La persistencia de cuerpos ideológicos como el racismo son también expresiones de colonialidad —desde el momento en punto que sabemos que el racismo es un fenómeno producido, “inventado”, por el colonialismo—. Cuando el racismo pervive en una nación, eso implica que hay una parte de ella que se construye como alteridad, como “un otro”, como algo fuera de la nación o al menos de lo “normal” de la nación. La negritud y lo indígena no han dejado de ser percibidas como accidentales molestias por grandes capas de población blanca en América Latina. “No hay odio de razas, porque no hay razas” —más un deseo que una sentencia de Martí—. Esa otredad del no blanco implica que aún el blanco racista cree que pertenece al mundo de Europa, que aún es español, por ser tataranieto de españoles. Sin embargo, la identidad con Europa choca con un muro tan ancho como el Atlántico: el racismo europeo. Como dijo sabiamente Fernando Martínez Heredia: “para ellos, todos somos negros”. Solo en la aceptación de la mixtura, en el resarcimiento de los daños y en el levantamiento igual de todos los elementos que conforman la especificidad latinoamericana puede salvarse esta identidad frente a los embates cada vez más potentes que amenazan con destruirla, o convertirla en un objeto de feria.

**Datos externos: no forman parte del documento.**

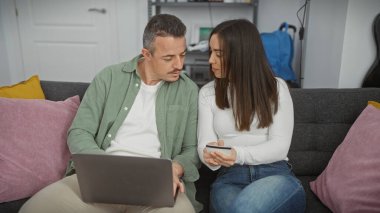Bir adam ve bir kadın yakın bir koltukta oturuyor. Laptop ve kredi kartıyla kapalı bir yerde..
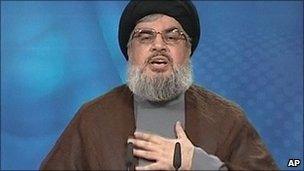 Hezbollah leader Hassan Nasrallah gestures as he delivers a message broadcast on 24 June, 2011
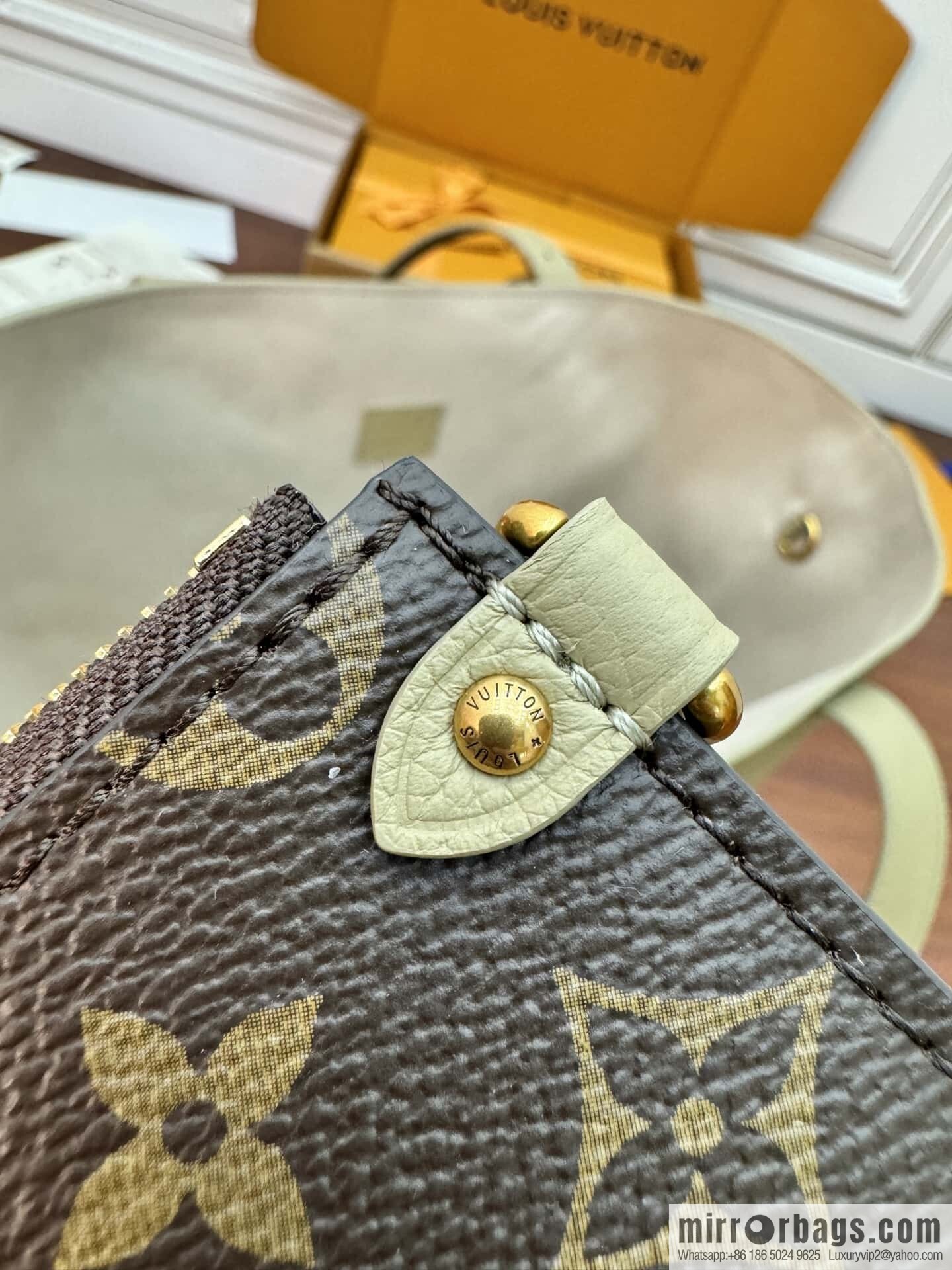 LV M25343 Low Key Cabas MM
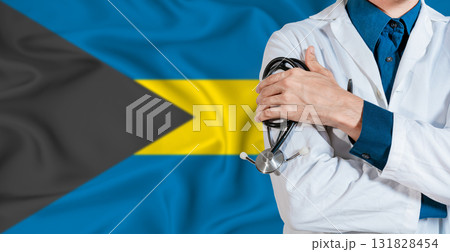 Bahamas healthcare concept. Doctor with stethoscope on Bahamas flag. Doctor holding stethoscope on Bahamian flag Bahamas healthcare concept. Doctor with stethoscope on Bahamas flag. Doctor holding stethoscope on Bahamian flag 131828454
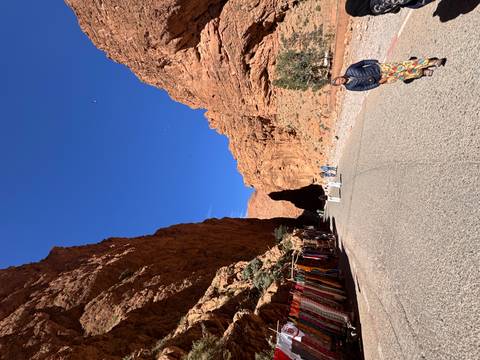       People walk along road through towering red cliffs of Todra Gorge with small market stalls on side.
  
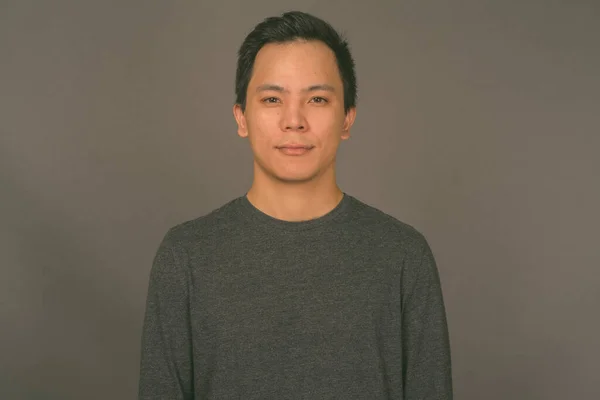 Portrait of young handsome man against gray background — Stock Photo, Image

El escudo de la identidad de los pueblos es la cultura. Es su escudo y es su carne. No en balde en una fecha tan tardía como 1970 todavía alguien podía atreverse a preguntar si la cultura latinoamericana existía. Esa misma pregunta es subtexto permanente de la maquinaria cultural occidental que actúa como si no existiera. Parafraseando a Retamar: ¿existimos nosotros? No hay duda de que existimos: ¿Quiénes, si no, ampliaron el canal de Panamá? ¿Quién, si no, sembraba para la United Fruit Company? ¿Quién abastece de droga California? Existimos. Pero al parecer no somos, ni creamos, ni pensamos. O eso parece en el cuadro de la “cultura universal”, en la que solo existen los países centrales. La colonialidad de la cultura, que es la colonialidad del espíritu, es el instrumento por excelencia del sometimiento.

En ocasiones cuando se plantea el problema de la segunda independencia latinoamericana, se cree que Martí habla en términos puramente geopolíticos, como si la independencia fuera únicamente un asunto de fronteras. Esto es simple vulgarización. Cuando Martí se refiere a la segunda independencia, no solo habla de/en términos geopolíticos —ni principalmente en esos términos—. Martí está manejando una cuestión civilizatoria: el proyecto, la creación, la invención de Latinoamérica, del mundo latinoamericano.


[1] Nos referimos a “Nuestra América” y “Madre América”.